ACL storage: In ZK mode, ACLs are stored in /config/users and /config/brokers. In KRaft mode, ACLs are part of the metadata log (compacted). If ZK restores from old snapshot, ACL data is stale. New services or revoked permissions won't be reflected.

Recovery steps: (1) Before broker startup, manually restore the latest ACL snapshot. If using Git-based ACL-as-code, re-apply current ACLs: kafka-acls.sh --bootstrap-server localhost:9092 --add --allow-principal User:service-name --operation Read --topic events (idempotent, safe to re-run); (2) If using external ACL system, re-sync: call your sync script to fetch current ACLs from auth system (LDAP, database) and apply to Kafka; (3) Verify ACLs were applied: kafka-acls.sh --list --bootstrap-server localhost:9092; compare to expected state.

Prevention: (1) Migrate to KRaft + versioned metadata log (no external ZK dependency for ACLs); (2) Implement ACL backup: export all ACLs daily, store in Git or S3. On recovery, restore from latest backup; (3) Use declarative ACL config: store all ACLs in a YAML config, controller applies on startup.

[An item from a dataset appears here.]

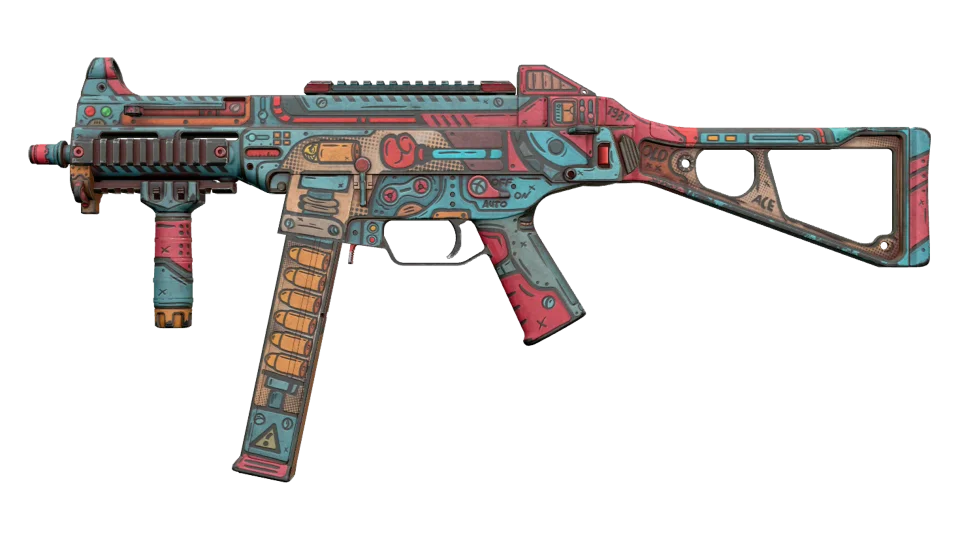 UMP-45 | K.O. Factory (Field-Tested) thumbnail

Incident at Airbnb: ZK restored old ACLs. New service couldn't produce (permissions missing). Caused 2-hour data pipeline outage. Fix: migrated to KRaft + Git-based ACL config.

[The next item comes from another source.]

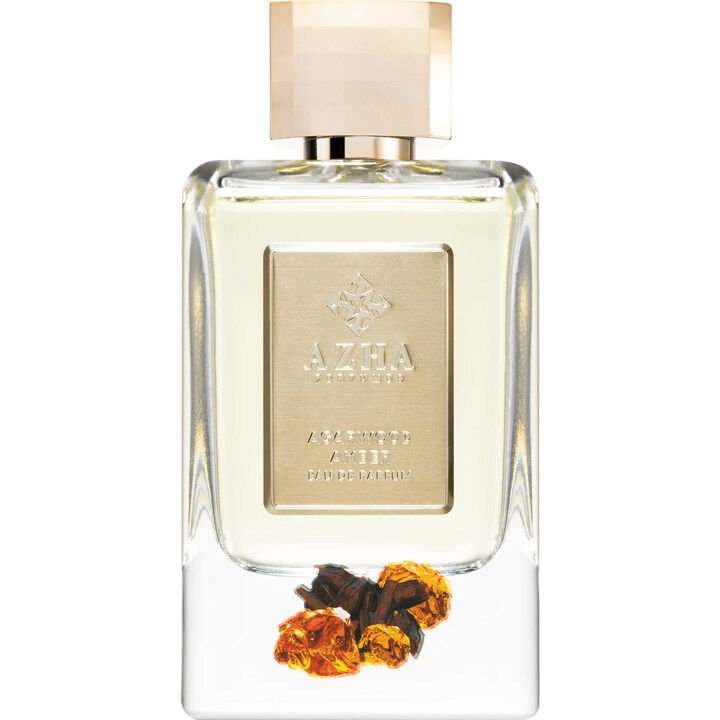 Agarwood Amber by Azha / أزهى perfume bottle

Follow-up: If you're migrating from ZK ACLs to KRaft ACLs, how do you ensure no ACLs are lost or duplicated during the transition?

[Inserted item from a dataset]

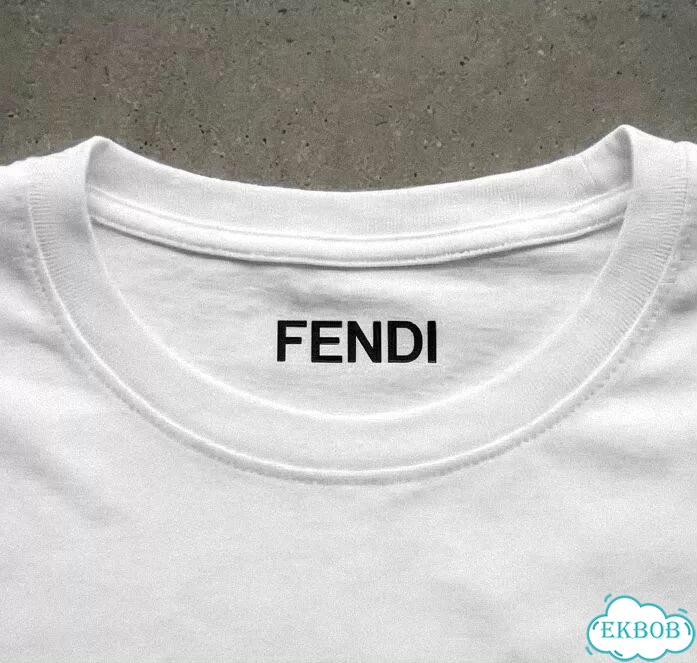 Лонгслив мужской белый Fendi Roma SS26 streetwear vintage AC0089 фото 4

You're implementing TLS certificate pinning for extra security: clients pin the broker's exact certificate (not just trust the CA). Design the rollout without breaking existing clients during cert rotation.

Challenge: If a client pins a specific cert (e.g., sha256=ABC123...), and you rotate to a new cert with sha256=XYZ789, the client immediately fails to connect. You can't gradually roll out without either (a) accepting 2 certs temporarily, or (b) forcing all clients to update simultaneously.

Solution 1 - Certificate pinning with backup pin: Client pins both current cert (sha256=ABC123) and next cert (sha256=XYZ789). You pre-generate next cert, distribute it to clients. When you rotate, clients accept new cert because they pinned it ahead of time. Next rotation, clients pin cert3 before you rollout cert2.

Solution 2 - Public key pinning (less strict): Instead of pinning the full certificate, pin the public key or the CA cert (more stable). Public key remains the same across cert renewals if you use the same key. Easier to rotate without client updates.

Solution 3 - Gradual client update: If you can't pre-distribute pins, perform client update first (deploy new client code that supports new cert), then rotate broker certs. Requires coordinated deployment with clients.

Production at Google: They use certificate transparency + public key pinning. Clients pin the root CA public key (stable for years). Leaf certs rotate monthly; clients don't need updates. Transparency log provides audit trail of all cert issuance.

Gotcha: If your pinned cert expires without notice and you rotate, clients will hard-fail (no fallback). Implement strong alerting 60 days before cert expiration.

Follow-up: If a client pins a cert and the private key is compromised, how do you revoke the cert without breaking the client connection? Can you use OCSP (Online Certificate Status Protocol)?